Sometimes a single sentence is good enough.

Quite often, some team members will want more information/requirements written down to make sure nobody changes their mind and remembers all that was agreed on.

Anything written down should be as objective/verifiable as possible. I like the 'given/when/then' and 'as ... i ... so that ...' formats quite a lot, as they convey a lot of information and verifiable requirements in a compact form.

I have seen a couple of attempts at defining 'rules' or gates for the different stages in a story lifecycle (ready for sprint, accepted...) - and in my experience rules alone don't work well. It's very easy to end up having an overly exhaustive list of things a story must contain to be considered (use case, tests plan, mock ups, acceptance criteria, documentation, etc). It's very hard to ensure that those items are 'good'. And in many cases (simple stories with a lot of shared context or unsurprising content), mocks, tests plans and details are a waste of time.

An recent example: encouraging 'as X I want to Y', I ended up with 'As an admin, I expect data confidentiality and integrity to be maintained in the platform.' It meets the guidelines, but is completely useless at telling dev what they need to deliver/test/document.

I don't think you can get away from having good communication between PO and dev, and a good feeling about what each side is going to think is good enough.

OTHER TIPS

A story is "ready for sprint" when:

  • it contains verifiable requirements and
  • you believe it matches what the client wants.

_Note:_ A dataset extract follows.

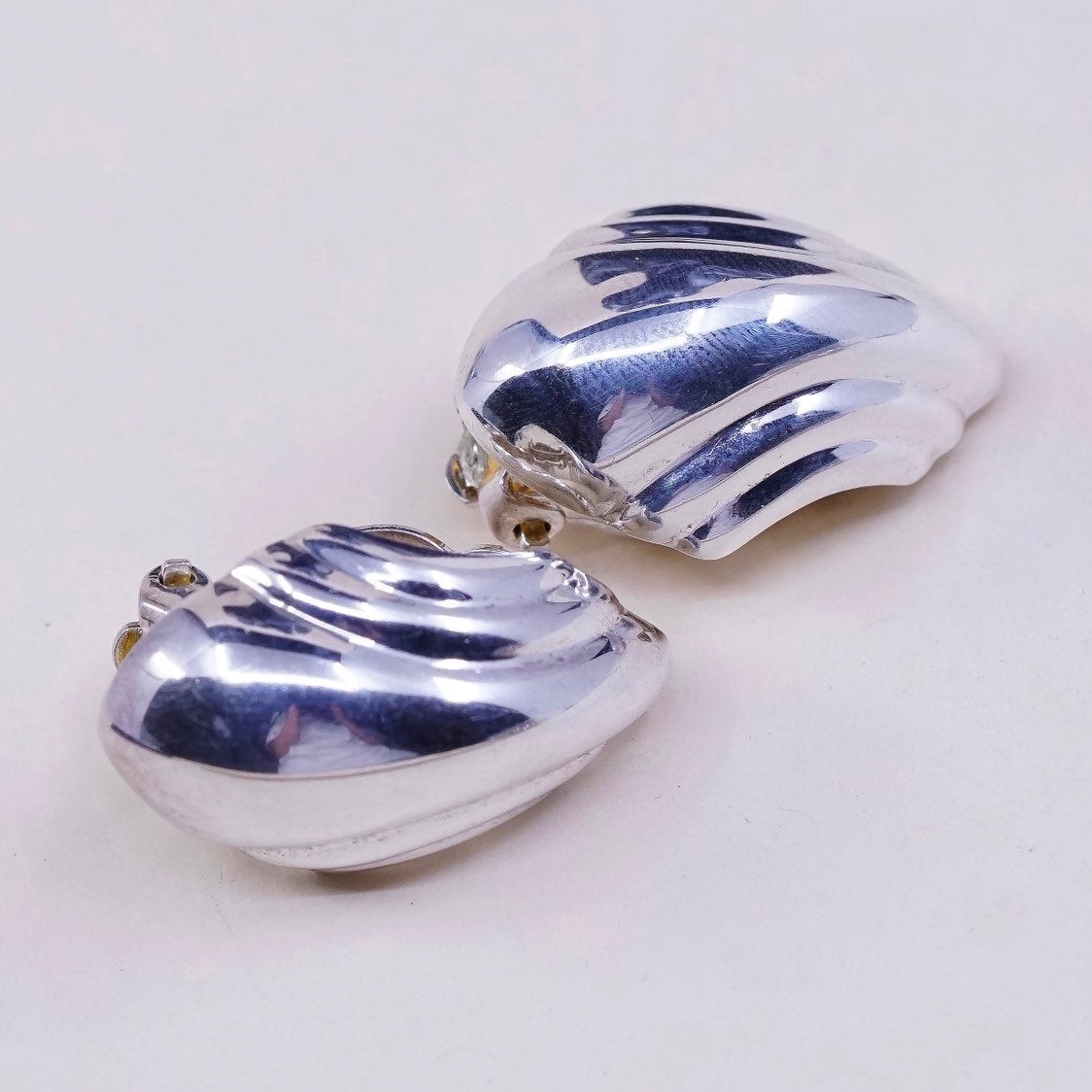 modern Sterling clip on earrings, puffy lightweight 925 curvy Ribbed earrings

You should also try working with your owner to increase the time they can devote to working with you, and find ways that they can do some backlog grooming on their own if they can't already. The best way to get more involvement is going to be delivering quality with your current level of interaction and explain that further involvement can further improve results.

I think the definition of ready is pretty self explanitory, and not really worth explicitly defining.

If the PO disappears until the end of the sprint (which may happen), and the team build what the story says, is there any way the Product Owner can say 'This isn't what we agreed on'? If not, it is ready.

Depending on PO involvement in the sprint, and the type of story this can be very detailed, or very simple.